Perhaps Eleanor knew something. Francis’s wife had the foresight to chronicle her family’s odyssey on videotape. This footage—along with candid audio recordings of her private conversations with Francis and some modern-day (i.e. 1990, when Hearts of Darkness was put together) interviews for appropriate historical context—is Hearts of Darkness‘ skeleton. At its worst (or more appropriately, its most conventional), this precisely and smartly edited piece of film history is the greatest DVD extra ever produced. At its best, it’s a dark, hyper-compelling dive into the creative process that presents a chilling example of art imitating life.
Apocalypse Now, of course, turned out to be one of the greatest films ever made, but one wouldn’t know it from reading Hollywood headlines back in 1976 and 1977. The film chronicles a Captain Willard’s (Martin Sheen) crazy trip downriver in Vietnam to carry out a top-secret mission to kill a psychotic former officer, Kurtz (Marlon Brando). Willard’s journey sees him encounter incident after incident that slowly strips him of his sanity and humanity on his way to Kurtz. For Coppola, his Kurtz is a completed masterpiece, and over the course of nearly a year of shooting, he too will encounter incident after incident (like a typhoon that destroyed sets or his star having a heart attack) that made him question what he was doing there in the first place.

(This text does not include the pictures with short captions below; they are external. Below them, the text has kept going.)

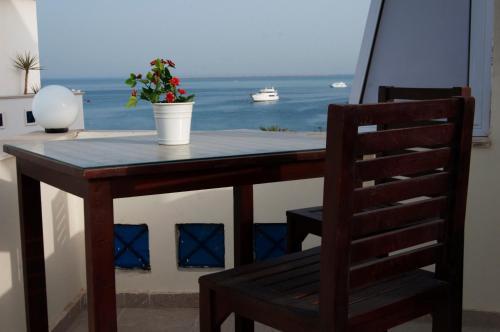 Elaria Hotel Hurgada
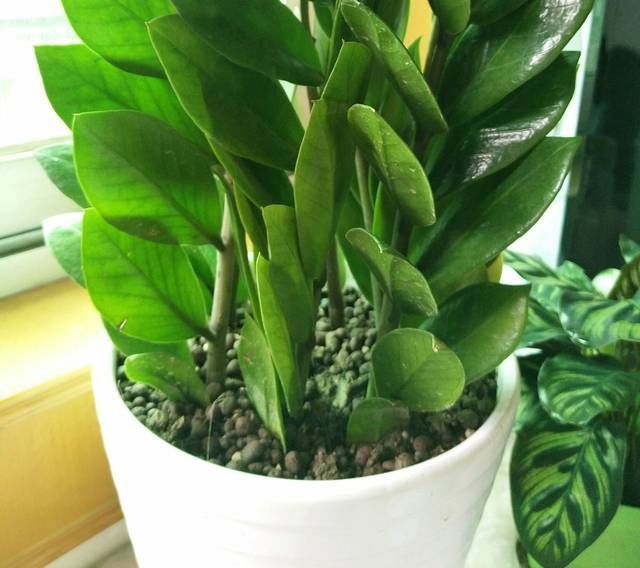 透水|金钱树的盆土干了以后浇透水一样的黄叶掉叶,金钱树该怎么浇水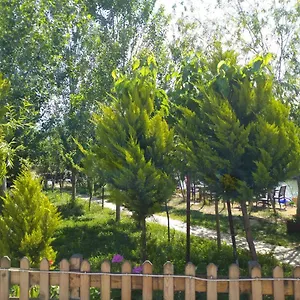 Deniz Kizi Garden Gümüldür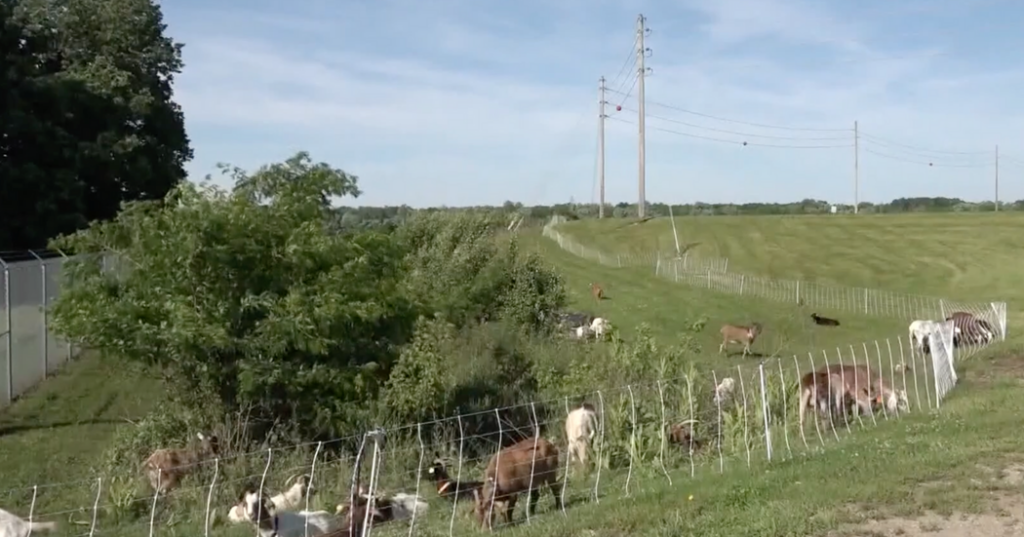 Ohio City Worker Union Complains That Goats Are Eating Its Lunch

Of course, the lion’s share of Apocalypse Now‘s behind-the-scenes problems are old hat to even casual cinephiles. But Hearts of Darkness does more than present a CliffsNotes version of one of the most troublesome movie productions in history. Eleanor comments on her husband’s deteriorating confidence and shrinking bank account. The latter is hardly a concern of hers; she stands by her husband’s art and whatever process helps him create. The former, however, truly frightens her.

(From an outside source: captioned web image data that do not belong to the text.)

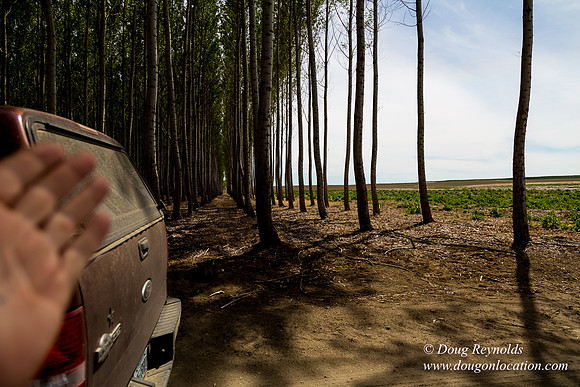 Tree Farm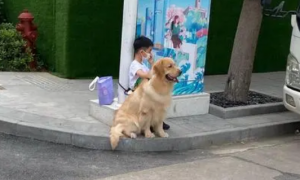寄养老家的狗狗每天等候小朋友放学，成为了村里“最靓的仔”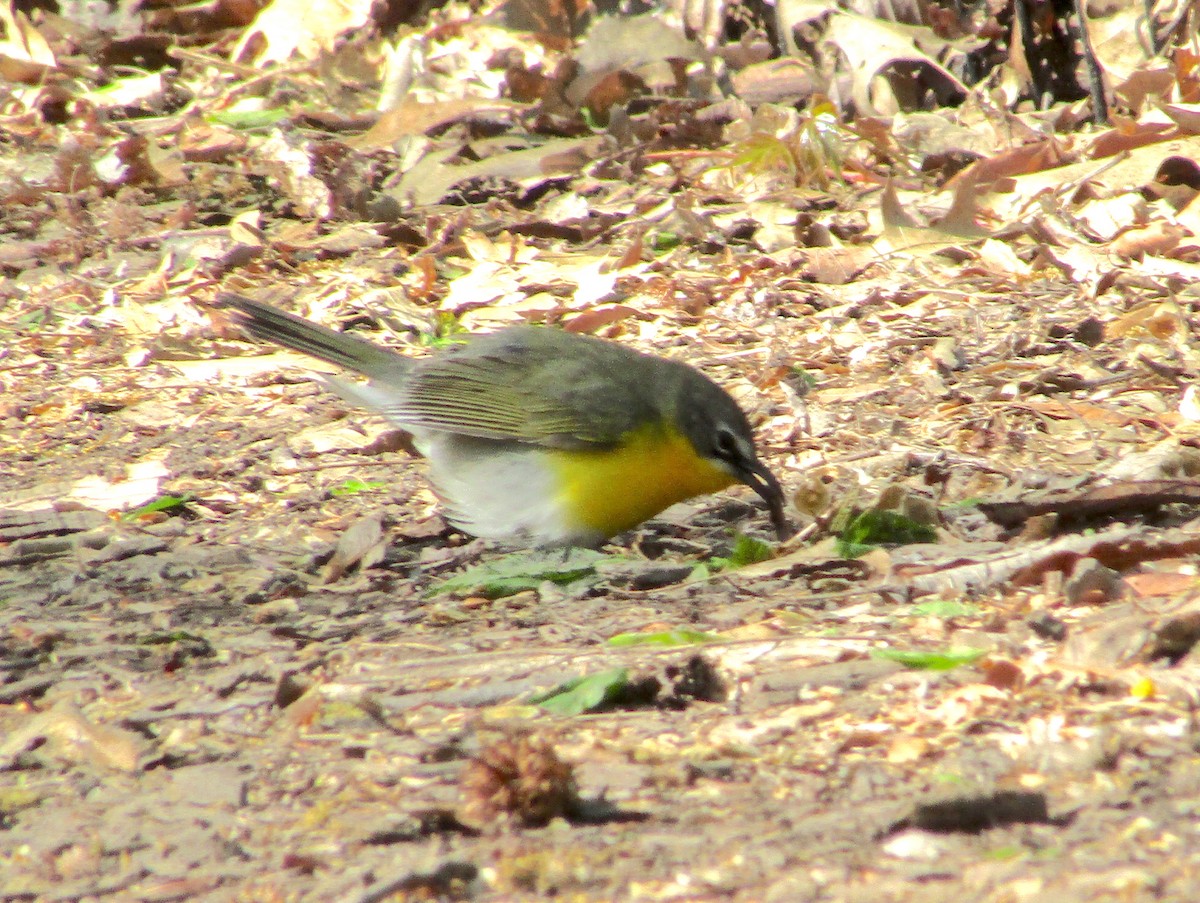 Yellow-breasted Chat - ML232990291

Hearts of Darkness also questions the nature of art. Chasing absolute truth through art is folly, the film argues, and Coppola’s inability to clench his fist around the phantom-like truth he so desperately seeks is problematic from the outset. In one of his first talking heads, he explains that, with Apocalypse Now, he was attempting to do much more than tell a Vietnam story. He wanted his film to be Vietnam—the attitude, the rock and roll, the senselessness, the fear.
Chekov famously said, “The role of the artist is to ask questions, not answer them.” Maybe it was Coppola’s unquenchable thirst for meaning in that which is meaningless that led him astray. It certainly explains how he could bring Brando on set for a fee of $1 million a week without dialogue and an ending. “Just go with it,” he told his comically overweight star in the hope that decades of hard living and brilliant performing would lead both down the road they were looking for but couldn’t see. “I swallowed a bug,” he responds, as eloquently as one can while uttering those four words.
Or maybe Apocalypse Now was just cursed. How else does one account for epically bad weather and a young man having a heart attack? Unlike Coppola, though, Hearts of Darkness‘ three directors—Fax Bahr, George Hickenlooper, and the aforementioned Eleanor Coppola—aren’t so much interested in the why. They’re exploring themes in ways that are in their grasp, and their desire to do things safely, smartly is no less admirable than Coppola’s borderline reckless ambition. As one might expect, these two films are inextricably linked. For the sake of Hearts of Darkness, that’s a great thing. As the passage of time gives Apocalypse Now more meaning and a greater reputation, its making-of doc benefits reciprocally. And for good reason; it’s tremendous.